Maybe Benjamin can comment, but I think one of the reasons for
supporting YUV destinations was to allow things like subtitles and
infographics to be overlaid without incurring an expensive roundtrip to
RGB. How are these things done normally?

> As I don't have a serious need for writing to YUV images at this
> point, I would like to skip this YUV writing part completely for now
> :-)

We probably don't need to support writing at first, although that would
mean this:

    The distinction between source and destination pixman formats was
    probably a mistake, and if we bump the ABI of pixman at some point,
    we'll want to fix it.

    So don't base anything around that distinction. Just pretend all
    pixman formats that can be used as sources can also be used as
    destinations. This will be true for all new formats, and is only
    false for YUV formats at the moment. [1]
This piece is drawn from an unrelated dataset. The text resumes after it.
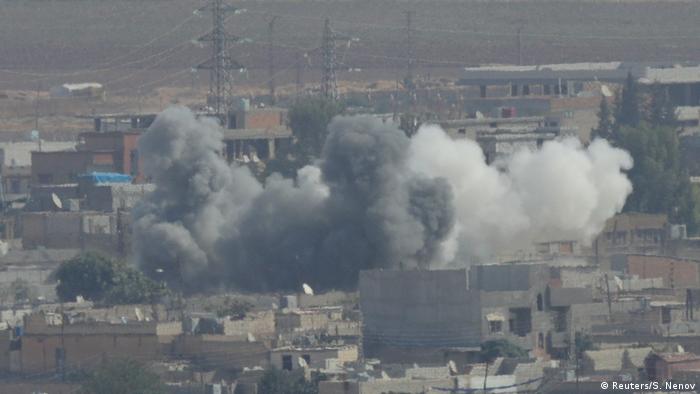 Türkei/Syrien: Ceylanpinar - Rauch über syrische Stadt Ras al-Ain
from http://lists.freedesktop.org/archives/cairo/2009-June/017409.html
was not true.

>> What Andrea is getting at, is presumably how to specify image formats in
>> the API. A fully general API like he suggests is perhaps interesting at
>> some point, but I agree it shouldn't be prerequisite for getting some
>> YUV support in.
>
> I think he tried to suggest that if any pixman API extension is needed
> at all, then it's better to do it flexible enough and more future
> proof. Please correct me if I'm wrong.
>
> Right now I'm only interested in a new function
> 'pixman_image_create_planar' (with or without 'color_space' argument)
> from:
> http://cgit.freedesktop.org/~company/pixman/tree/pixman/pixman.h?h=planar#n764
>
> The color matrix and chroma siting can be assumed to be set to some
> sane default, with the API to actually tweak them to be introduced in
> pixman later.

Agreed. Color management can be introduced later with additional API.


Soren